Syndrome de May-Thurner : quand la veine iliaque gauche est comprimée
Le syndrome de May-Thurner est une pathologie sous-diagnostiquée que je rencontre régulièrement dans ma pratique de chirurgien vasculaire à Toulouse. Il correspond à la compression de la veine iliaque commune gauche par l’artère iliaque commune droite, favorisant l’apparition de thromboses veineuses profondes et de symptômes veineux chroniques du membre inférieur gauche.
Cet article est informatif et ne remplace pas une consultation médicale.
Qu’est-ce que le syndrome de May-Thurner ?
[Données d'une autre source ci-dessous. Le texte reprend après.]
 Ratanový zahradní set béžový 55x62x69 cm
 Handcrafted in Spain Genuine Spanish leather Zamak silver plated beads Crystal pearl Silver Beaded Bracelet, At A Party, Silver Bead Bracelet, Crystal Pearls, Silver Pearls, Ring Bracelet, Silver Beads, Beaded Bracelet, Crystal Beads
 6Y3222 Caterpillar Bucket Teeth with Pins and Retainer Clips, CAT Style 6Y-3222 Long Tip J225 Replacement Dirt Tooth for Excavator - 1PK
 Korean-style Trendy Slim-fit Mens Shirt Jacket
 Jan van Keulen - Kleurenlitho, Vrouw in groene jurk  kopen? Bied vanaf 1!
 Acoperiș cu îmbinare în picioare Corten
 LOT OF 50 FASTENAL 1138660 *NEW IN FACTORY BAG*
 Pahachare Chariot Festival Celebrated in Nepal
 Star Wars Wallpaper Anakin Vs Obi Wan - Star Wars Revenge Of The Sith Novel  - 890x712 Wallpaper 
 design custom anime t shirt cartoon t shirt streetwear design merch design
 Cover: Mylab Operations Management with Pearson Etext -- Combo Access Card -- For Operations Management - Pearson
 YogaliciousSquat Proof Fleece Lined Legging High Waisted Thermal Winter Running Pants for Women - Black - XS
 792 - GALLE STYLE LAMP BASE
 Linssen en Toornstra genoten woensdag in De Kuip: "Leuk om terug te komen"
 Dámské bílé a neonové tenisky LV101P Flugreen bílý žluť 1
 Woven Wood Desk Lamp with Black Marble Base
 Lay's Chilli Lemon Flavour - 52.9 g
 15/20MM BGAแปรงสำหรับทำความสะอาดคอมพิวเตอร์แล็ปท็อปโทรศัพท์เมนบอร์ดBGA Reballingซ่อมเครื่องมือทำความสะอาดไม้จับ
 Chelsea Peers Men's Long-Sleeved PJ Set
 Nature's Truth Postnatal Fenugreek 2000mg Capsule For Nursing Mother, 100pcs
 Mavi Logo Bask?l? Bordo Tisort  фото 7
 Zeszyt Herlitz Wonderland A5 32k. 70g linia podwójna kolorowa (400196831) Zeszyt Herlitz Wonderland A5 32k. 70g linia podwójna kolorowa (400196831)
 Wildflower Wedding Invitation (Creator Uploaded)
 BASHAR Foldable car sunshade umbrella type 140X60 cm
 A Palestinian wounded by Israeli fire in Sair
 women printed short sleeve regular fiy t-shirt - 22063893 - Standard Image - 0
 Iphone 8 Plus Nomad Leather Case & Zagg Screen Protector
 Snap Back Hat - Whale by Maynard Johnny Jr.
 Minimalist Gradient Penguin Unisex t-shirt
Anatomie de la compression
La veine iliaque commune gauche est située en arrière et à gauche de l’artère iliaque commune droite, contre le rachis lombaire. Cette disposition anatomique crée un point de compression naturel : la veine est « prise en sandwich » entre l’artère en avant et les vertèbres en arrière.
May et Thurner ont décrit cette anatomie pathologique en 1957, et Cockett en a formalisé la description clinique en 1965 — c’est pourquoi on parle aussi de syndrome de Cockett.
Le processus de lésion
La compression pulsatile répétée de la veine par l’artère provoque des lésions progressives de la paroi veineuse :
- Épaississement intimal de la veine iliaque au point de compression
- Formation de webs (cloisons fibreuses) et d’éperons intraluminaux
- Réduction progressive du calibre veineux
- Ralentissement du flux sanguin
- Risque accru de thrombose veineuse profonde
Ce mécanisme explique un fait clinique bien connu : les thromboses veineuses profondes des membres inférieurs surviennent 9 fois sur 10 du côté gauche.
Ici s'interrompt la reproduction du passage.